Filgrastim-G-CSF (ZARXIO™) is a leukocyte growth factor approved by the FDA on March 6, 2015, for the following indications:

  • Patients with Cancer Receiving Myelosuppressive Chemotherapy: to decrease the incidence of infection, as manifested by febrile neutropenia, in patients with nonmyeloid malignancies receiving myelosuppressive anti-cancer drugs associated with a significant incidence of severe neutropenia with fever.
  • Patients with Acute Myeloid Leukemia Receiving Induction or Consolidation Chemotherapy: to reduce the time to neutrophil recovery and the duration of fever, following induction or consolidation chemotherapy treatment of patients with acute myeloid leukemia (AML).
  • Patients with Cancer Undergoing Bone Marrow Transplantation: to reduce the duration of neutropenia and neutropenia-related clinical sequelae, e.g., febrile neutropenia, in patients with nonmyeloid malignancies undergoing myeloablative chemotherapy followed by bone marrow transplantation.
  • Patients Undergoing Autologous Peripheral Blood Progenitor Cell Collection and Therapy: for the mobilization of autologous hematopoietic progenitor cells into the peripheral blood for collection by leukapheresis.
  • Patients with Severe Chronic Neutropenia: for chronic administration to reduce the incidence and duration of sequelae of neutropenia (e.g, fever, infections, oropharyngeal ulcers) in symptomatic patients with congenital neutropenia, cyclic neutropenia, or idiopathic neutropenia.

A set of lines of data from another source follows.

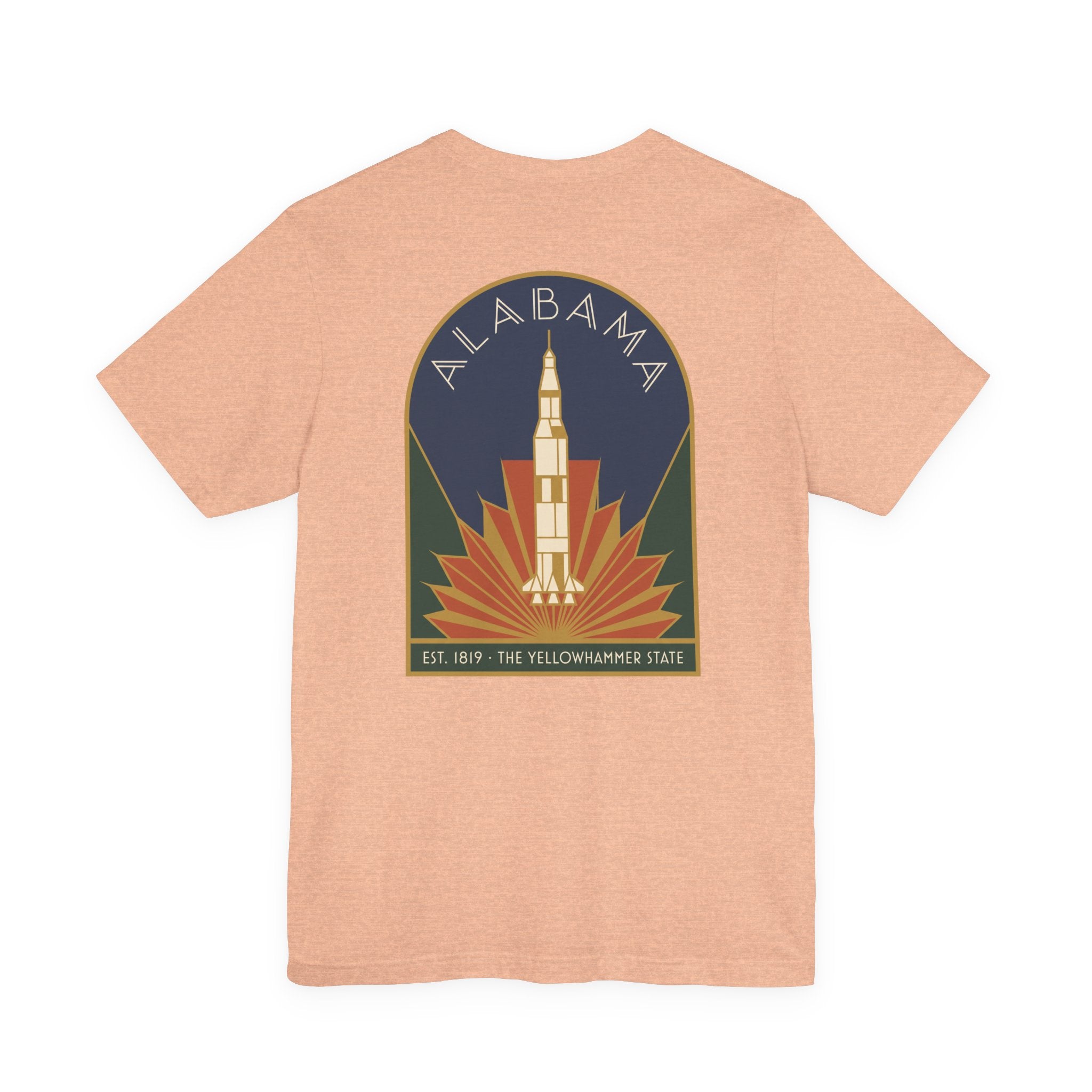Peach T-shirt with Alabama rocket emblem graphic centered on back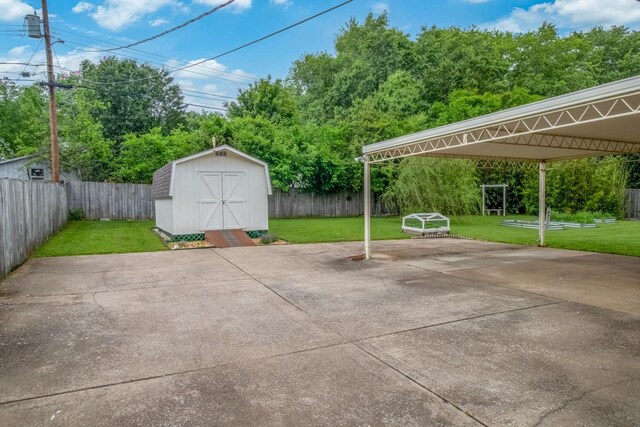 3008 Mcintire Dr, Columbia, TN 38401 - view of patio / terrace featuring a storage shed, an outdoor structure, and a carport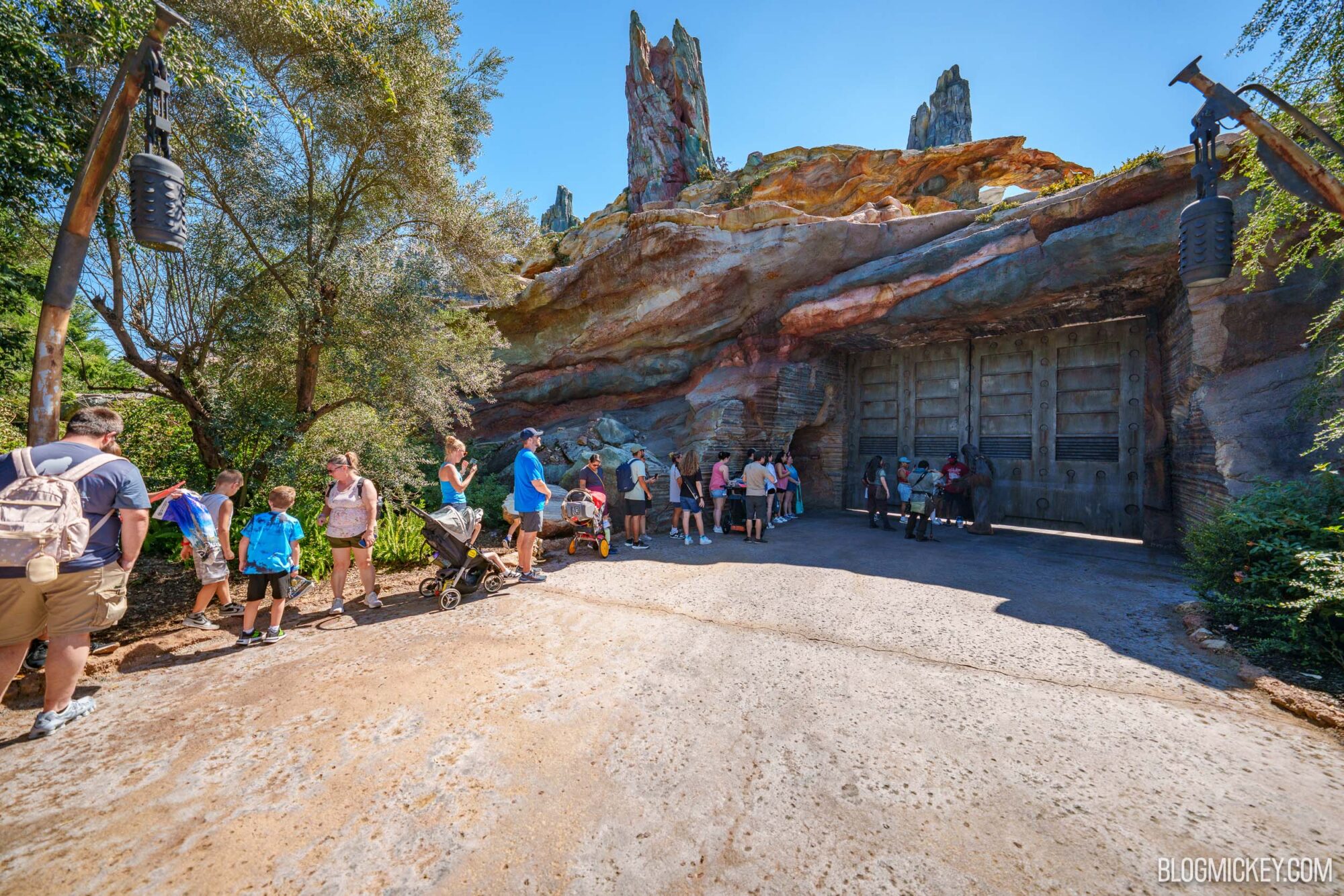 A line of guests with strollers waits along a path beside trees, leading to Chewbacca standing in front of a large metal gate set into colorful layered rockwork with tall rock spires above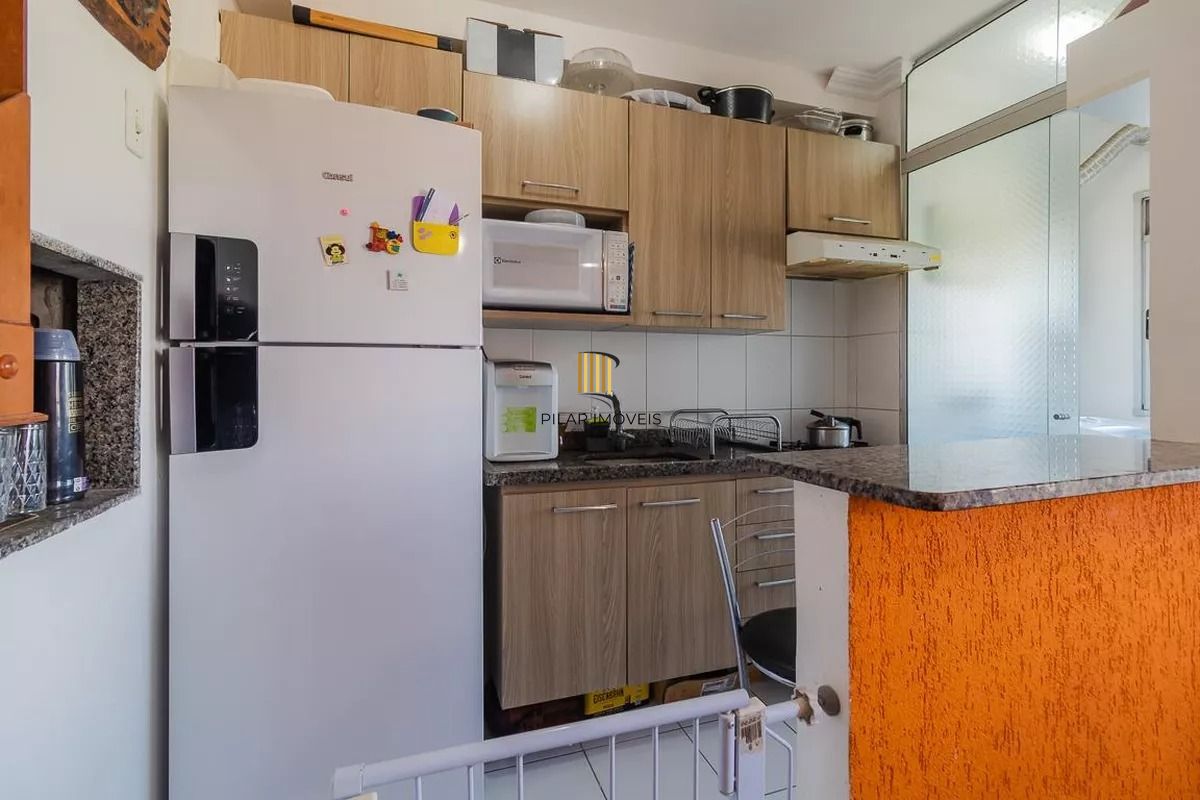 Apartamento 2 dormitórios, com suíte, churrasqueira, e vaga escriturada.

For claims with dates of service March 6, 2015, through June 30, 2015, please submit claims for this injection using the Not Otherwise Classified (NOC) HCPCS code J3490 or J3590. Please refer to this article for claim filing instructions for using NOC codes.

Claims submitted on and after July 1, 2015, for dates of service on and after March 6, 2015, are to be submitted with HCPCS code Q5101 based on 1 microgram.

Filgrastim G-CSF Biosimilar will be covered when administered under direct supervision of the physician in the office (Part B) or hospital setting (Part A). When administered by the patient or caregiver, this drug will be considered self-administered and not payable by CGS A/B MAC.